Supplied data:
----------

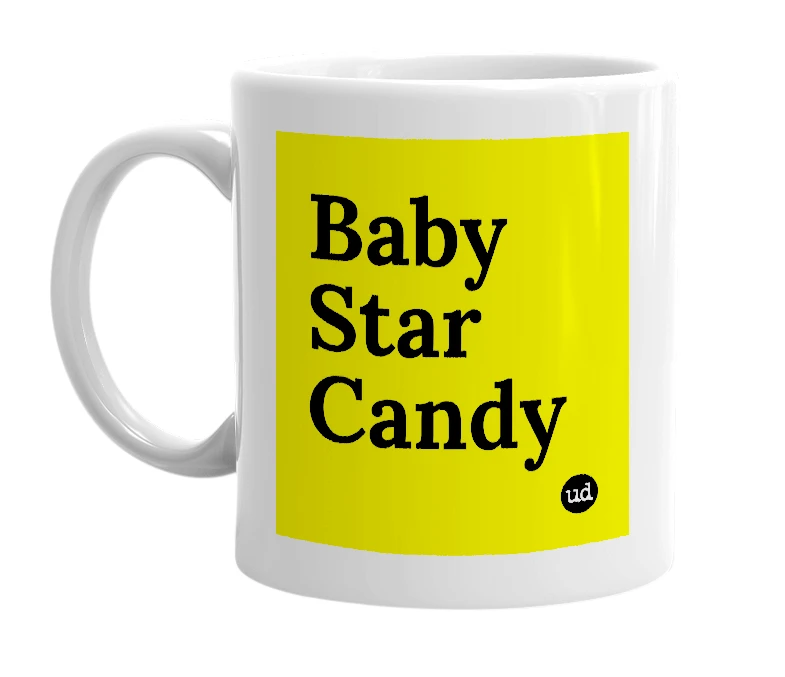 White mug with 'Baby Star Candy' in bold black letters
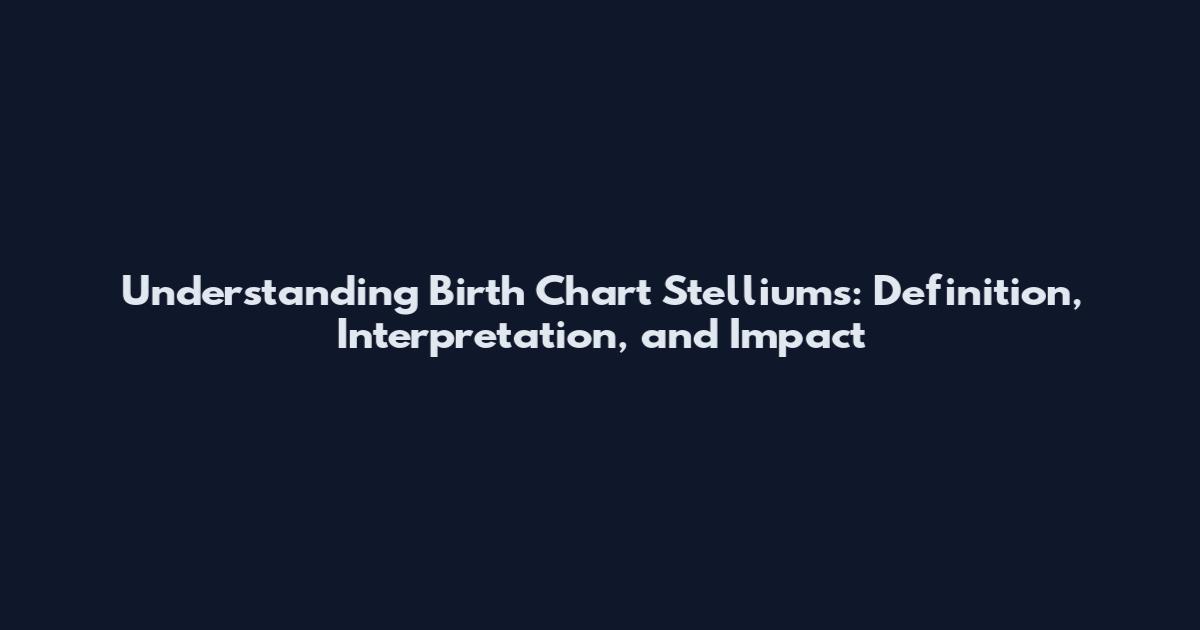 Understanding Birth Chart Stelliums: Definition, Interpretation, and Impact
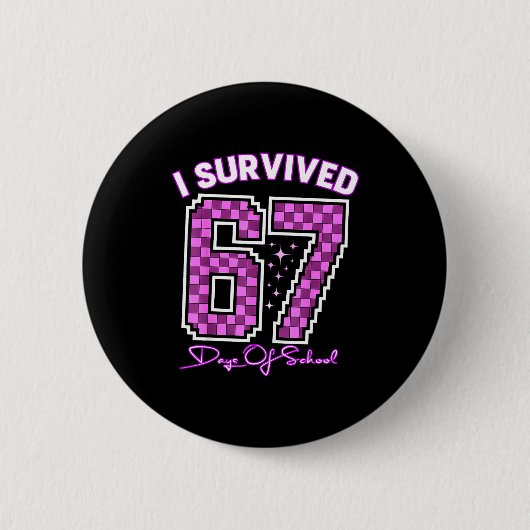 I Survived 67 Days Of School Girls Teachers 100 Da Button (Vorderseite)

----------

Task requirements:
Pictures stay out; retype only the lines from the line containing "Understanding Birth Chart" through the end of the listing, inclusive, exactly as they appear.

Written answer:
 Understanding Birth Chart Stelliums: Definition, Interpretation, and Impact
 I Survived 67 Days Of School Girls Teachers 100 Da Button (Vorderseite)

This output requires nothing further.